In the early 1980s, out of a total of 194 active tank, motorized rifle and airborne divisions in the Soviet force, 65 were located in the western USSR, 30 in Eastern Europe and an additional 20 in the Transcaucasus and North Caucasus Military Districts (MDs). All these divisions would were available for offensive operations against NATO. In addition to these forces, 17 low-strength divisions, centrally located in the USSR, constituted the Strategic Reserves. For operation in the Southern Theater the Soviets had in place six divisions in the Turkestan MD and four engaged in combat operations in Afghanistan. These forces could be reinforced by the 20 divisions from the Caucasus MDs if they were not engaged against NATO. Soviet forces for operations in the Far East were composed of 52 tank and motorized rifle divisions. The six Warsaw Pact Allies of the Soviet Union had a total of 55 active divisions, which, collectively with Soviet divisions, amounted to 249 combat divisions.

Many of these divisions, most notably those in the interior of the USSR, were at low stages of readiness. The Soviets also maintained 17 mobilization bases, predominantly in the western USSR, that could form additional combat divisions. These bases usually contained the combat equipment needed to form new divisions and would require augmentation in manpower and a substantial amount of training before they could be committed to combat operations.

In 1989 the Soviet Union had 150 motorized rifle and 52 tank divisions in three states of readiness. The Ground Forces had sixty-five divisions, kept at between 50 and 75 percent of their projected wartime strengths, in the westernmost military districts of the Soviet Union; fifty-two divisions at less than half their wartime levels in the Siberian, Transbaykal, Central Asian, and Far East military districts along the border with China; and twenty-six low-readiness divisions in the Transcaucasus, North Caucasus, and Turkestan military districts.

After the collapse of the Soviet Union, Russian Tank and Motorized-Rifle Divisions were reduced to near-cadre state. A "cadre" division is equipped with all the heavy armaments of a full-strength motor-rifle or tank division, while having only skeleton personnel strength. The officers and men of a cadre division focus primarily on maintaining the equipment in working condition.
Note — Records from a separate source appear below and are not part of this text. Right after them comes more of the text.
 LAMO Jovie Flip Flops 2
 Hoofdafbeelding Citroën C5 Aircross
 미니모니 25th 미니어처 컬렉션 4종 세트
During wartime mobilization such a division would be beefed up to full manpower strength; however, in peacetime a cadre division is unfit for any combat.

As of 1995, of 81 land forces divisions, 51 were not combat ready. Of 26 brigades, 14 were not in a state of operational readiness. Airborne troops and two peacekeeping divisions had the highest level of readiness. By 1996 the ground forces included sixty-nine divisions: seventeen armored, forty-seven motorized infantry, and five airborne.

Under the new defense policy document signed by President Yeltsin on 1 August 1998, the number of divisions in the regular armed forces was to be reduced to ten. These were to be full-strength, high-readiness Ground Forces divisions, one of which will be specifically trained in peacekeeping operations. The divisions, deployed in various parts of the country, would engage exclusively in combat training.